Internal Affairs is that department which is charged with investigating police wrong-doing and law-breaking. They are the cops who protect us from the cops. They ought to be our heroes, but they are not. Pacino's Dormer saves his greatest contempt for the Internal Affairs officers who are on his trail. To him they are cops who aren't on the streets, aren't facing the dangers and aren't protecting the public. They are the cops who don't have the stomach for the job real cops do. Dormer makes this case several times in long and impassioned soliloquies. There is not much presented to dispute him. The Internal Affairs cop appears only by telephone from L.A. and comes across as unlikable, a tormentor seemingly more concerned with self- promotion than morality and justice. He's a weak voice compared to Dormer's eloquent, angry street-wise outbursts.

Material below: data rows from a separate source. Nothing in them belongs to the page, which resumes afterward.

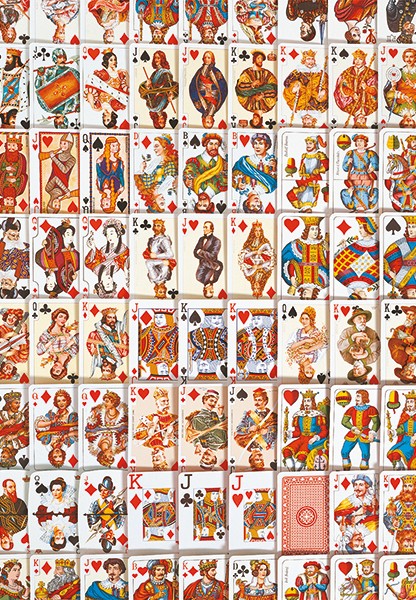 Boîte du casse-tête Cartes à jouer (1000 pièces) - Piatnik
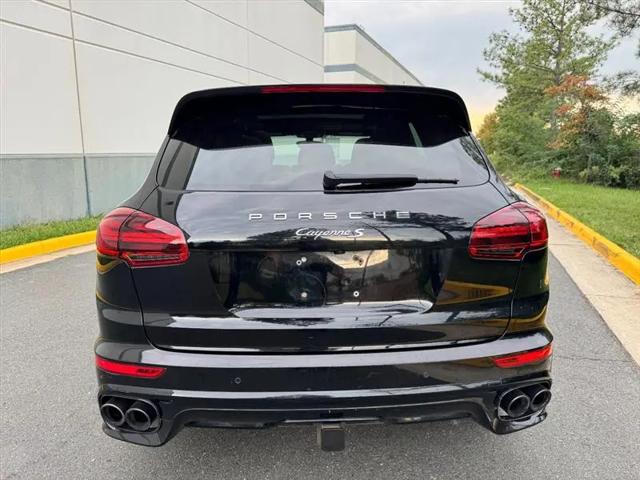 2015 Porsche Cayenne S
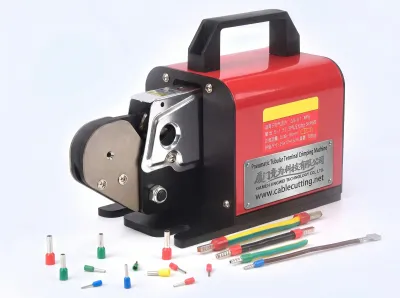 Pneumatische buisvormige krimpmachine voor terminals T6-4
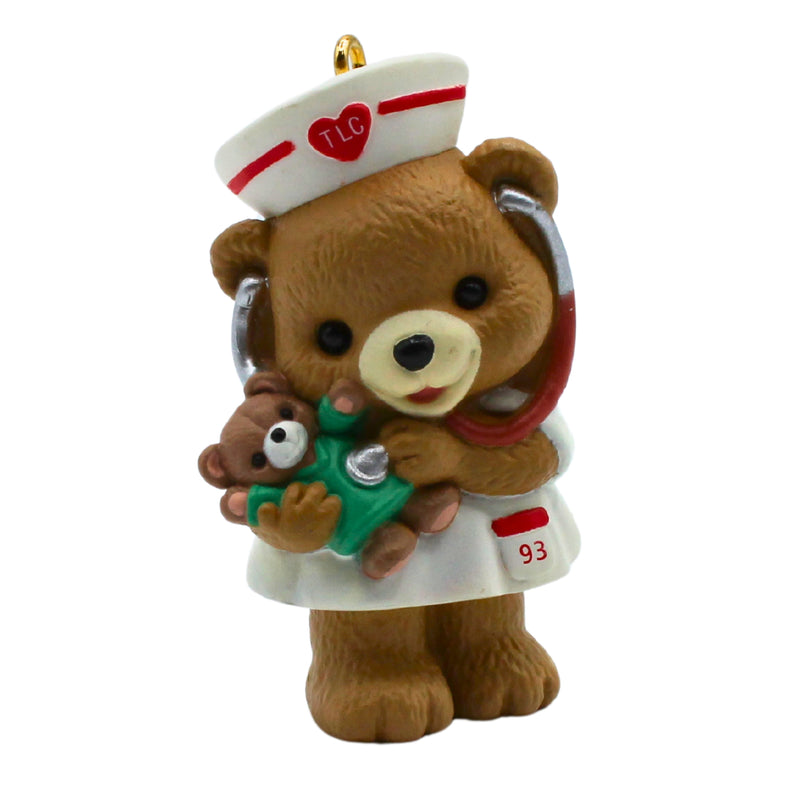 Hallmark Ornament: 1993 Caring Nurse | QX5785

The arguments against Dormer's position are presented non-verbally: first through the dedicated professionalism of Ellie Burr; second, through Dormer's own self-torment and his progressive breakdown, as sleeplessness and guilt swirl together; third, by the sleazy bargain between cop and criminal to preserve Dormer's secret; and, finally, by the fact that it all leads to Dormer's destruction and his one-line plea to Ellie. But is this enough to make the case for good or is it all susceptible to another more subversive explanation?

Obviously, it's Dormer's prior misdeed that leads to his partner's death and to his own; or is it? Causation being the slippery little devil that it is, could it not be argued that without the intervention of Internal Affairs, Hap would not have been about to turn State's evidence and Dormer would have been able to admit his accidental shooting of his partner? There would have been no need to do anything but arrest Walter Finch. The events leading to Dormer's death would themselves never have taken that path and Dormer would be putting more evil-doers away on the streets of Los Angeles. Is the real wrong his law-breaking or is it the fact that we wouldn't turn a blind eye to it? Despite everything, it's for Dormer that we feel emotion, not the off-camera one-dimensional Internal Affairs pursuer.

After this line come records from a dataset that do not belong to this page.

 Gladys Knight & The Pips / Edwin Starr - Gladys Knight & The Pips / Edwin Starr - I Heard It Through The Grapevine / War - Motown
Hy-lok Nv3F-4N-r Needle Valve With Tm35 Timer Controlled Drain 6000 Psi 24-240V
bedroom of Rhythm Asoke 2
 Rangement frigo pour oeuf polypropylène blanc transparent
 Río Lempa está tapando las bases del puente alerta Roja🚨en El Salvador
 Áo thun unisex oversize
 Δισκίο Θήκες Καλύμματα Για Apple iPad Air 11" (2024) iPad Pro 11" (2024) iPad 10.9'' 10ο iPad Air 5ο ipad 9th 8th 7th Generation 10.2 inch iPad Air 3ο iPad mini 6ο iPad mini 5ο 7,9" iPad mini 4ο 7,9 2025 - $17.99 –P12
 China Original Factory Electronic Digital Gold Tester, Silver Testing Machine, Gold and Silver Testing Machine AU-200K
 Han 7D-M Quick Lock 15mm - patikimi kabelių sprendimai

Dormer changes his view only at the moment of his death, cautioning Ellie not to lose her way, not to throw away a shell casing that will bring the true story out. Perhaps she shouldn't toss it because even such a small act would lead her inexorably to her doom just as Dormer has been led to his. Yet, it could be argued that by that point both Finch and Dormer were or shortly would be dead and the only result of Ellie's moral rectitude, aside from possibly saving her soul and integrity, would be to open up exactly the parade of horribles-masses of criminals going free to prey on society-that Dormer has railed against throughout the film. Perhaps it could be argued that Ellie's inner peace isn't worth our safety. At least, an audience might come to that conclusion.

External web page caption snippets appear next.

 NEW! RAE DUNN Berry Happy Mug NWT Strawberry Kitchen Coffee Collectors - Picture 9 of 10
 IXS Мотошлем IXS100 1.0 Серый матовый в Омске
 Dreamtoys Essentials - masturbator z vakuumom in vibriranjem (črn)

This isn't what the film explicitly presents to us, but the elements of this counter-analysis are there-lurking just out of reach. Is the quiet professionalism of Ellie Burr enough to convince us that the bad guys can be brought to justice without breaking the rules? Is the destruction of Will Dormer enough to convince us that our law enforcers must avoid the lawbreakers' road? Possibly, but Insomnia leaves room for doubt and for much soul-searching late at night when it's impossible to sleep.